| Problem details |
Set down, exactly and with no pictures, the line that contains "Swarovski Gold &" and all lines after it in the listing.

[Start of section]

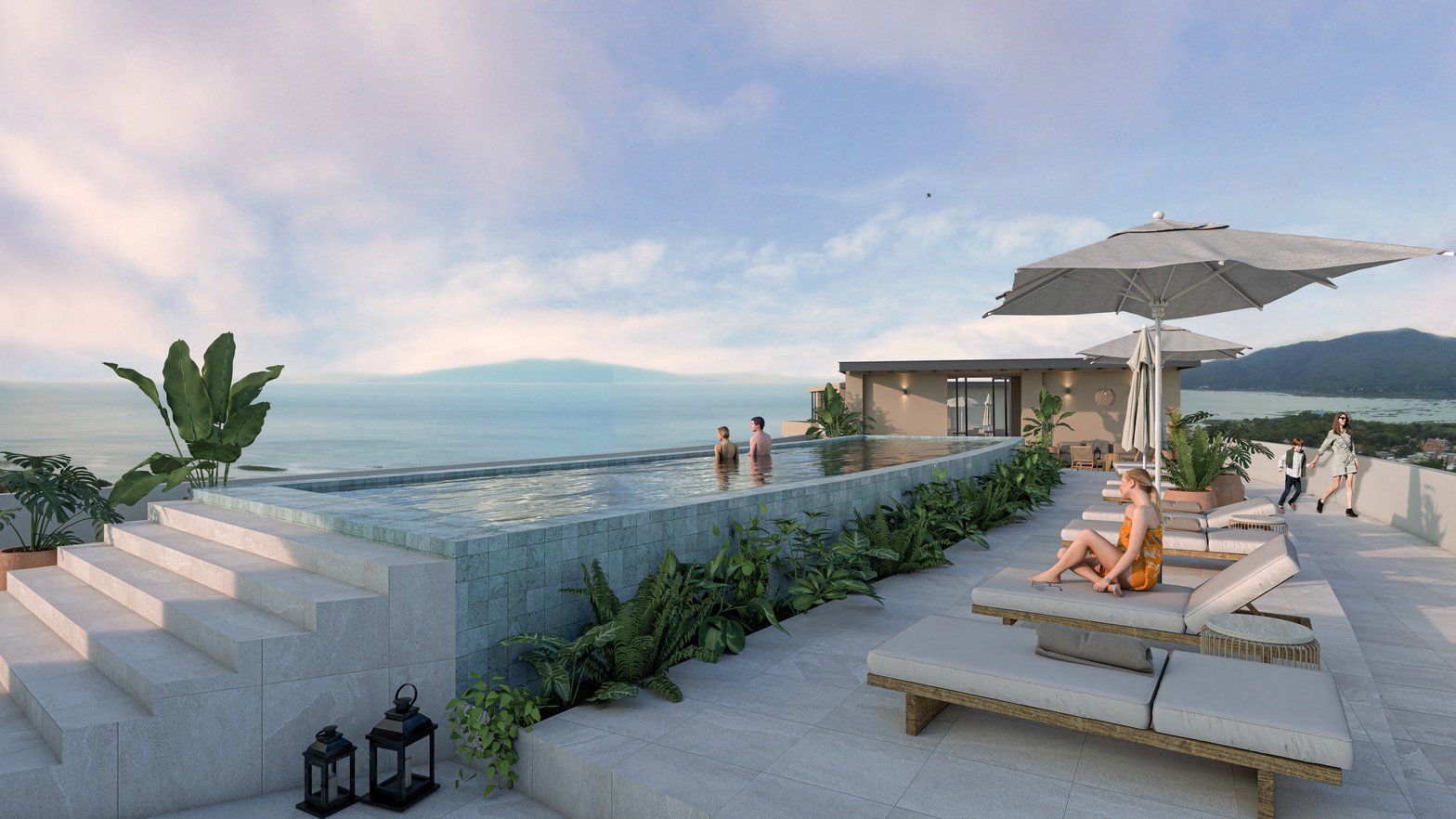 Alberca infinity con vista al lago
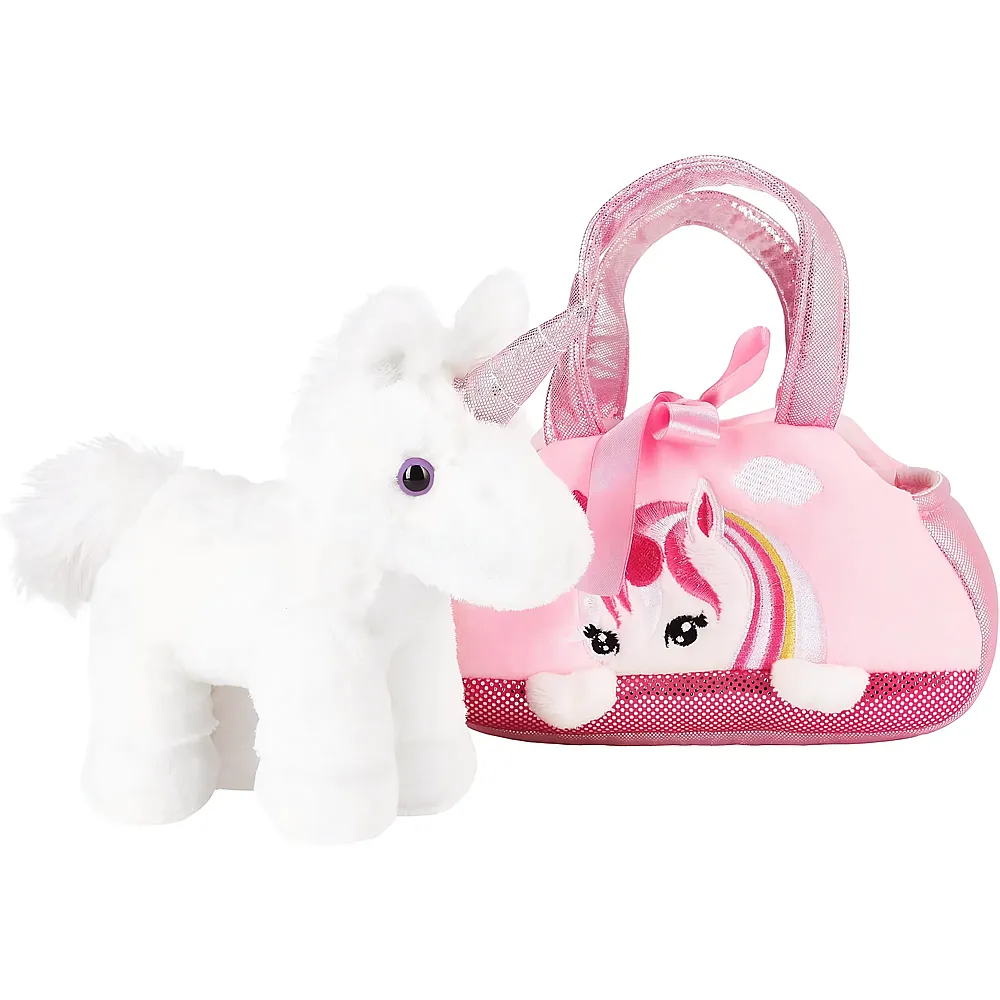 Brubaker Weisses Einhorn in rosa Tasche - 20 cm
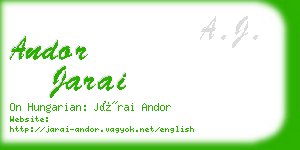 andor jarai business card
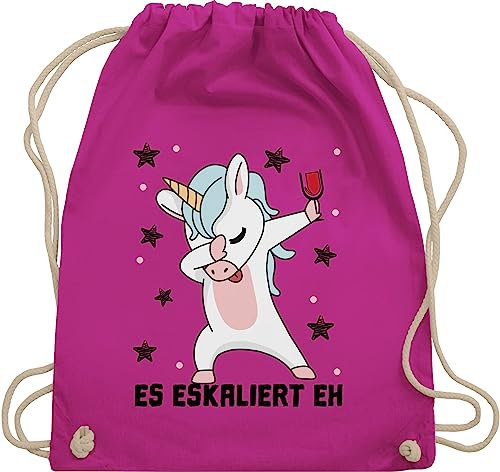 Turnbeutel Rucksack - Party & Alkohol Damen - Es eskaliert eh Einhorn mit Weinglas - Unisize - Fuchsia - einhornrucksack saufrucksack sauf wein beutel geschenke für weintrinker festival clothes
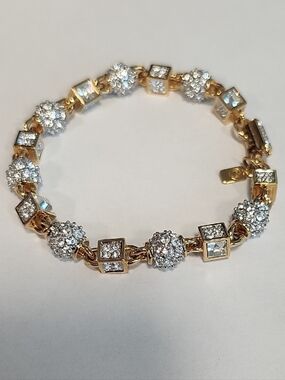 Swarovski Gold & Clear Crystal Pave Beaded Bracelet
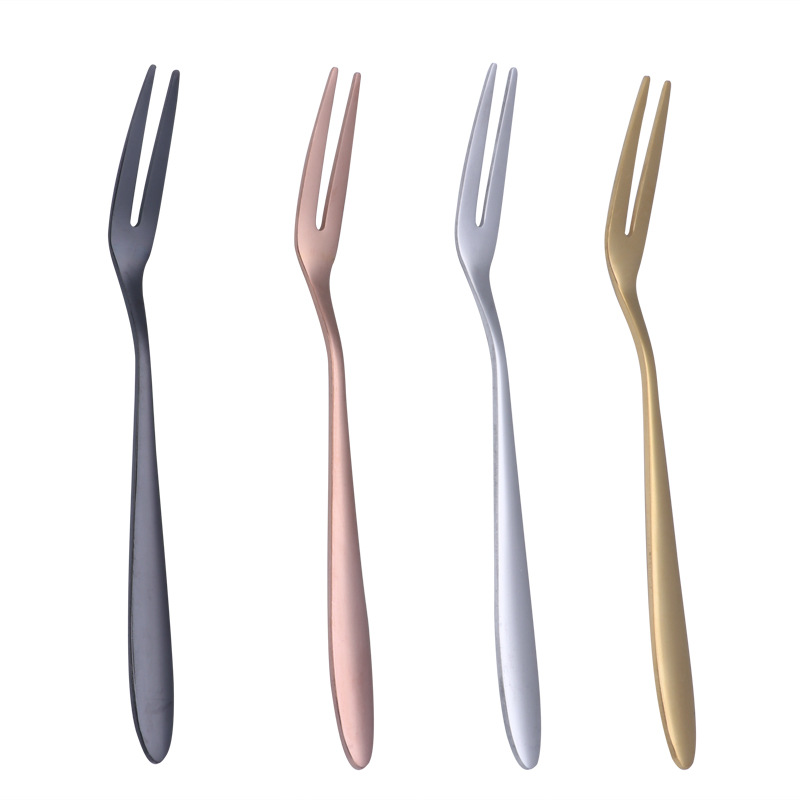 304 stainless steel tableware, fruit forks, fashionable fruit skewers, two-toothed fork sets, cake and mooncake forks with logos Item Picture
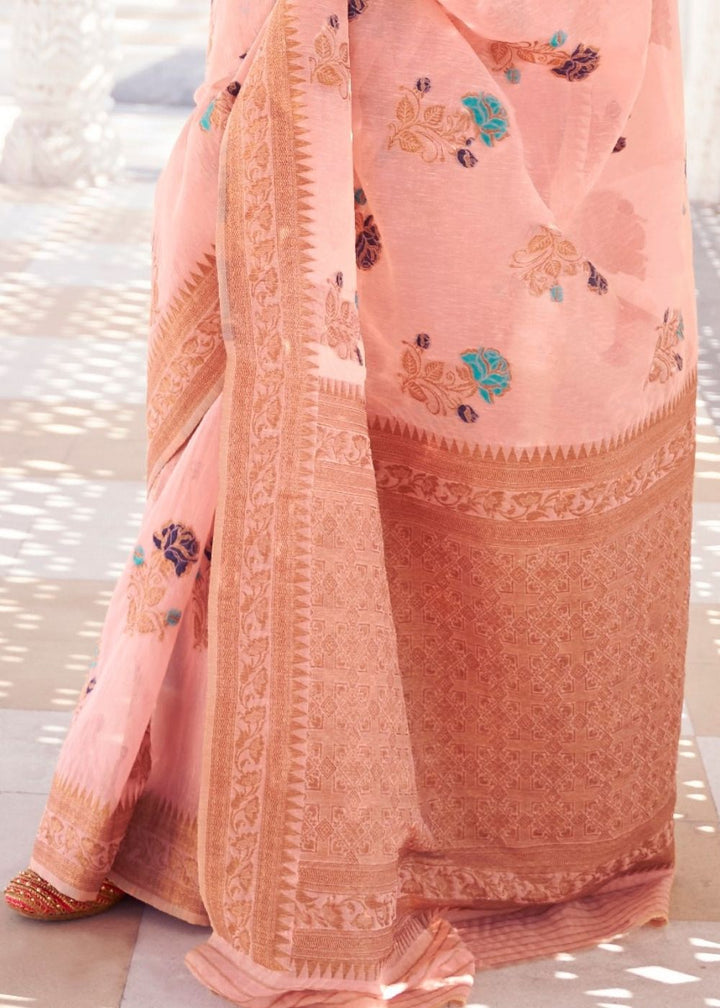 Salmon Pink Pure Linen Woven Silk Saree with Resham work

[End of section]

| Finished task |
 Swarovski Gold & Clear Crystal Pave Beaded Bracelet
 304 stainless steel tableware, fruit forks, fashionable fruit skewers, two-toothed fork sets, cake and mooncake forks with logos Item Picture
 Salmon Pink Pure Linen Woven Silk Saree with Resham work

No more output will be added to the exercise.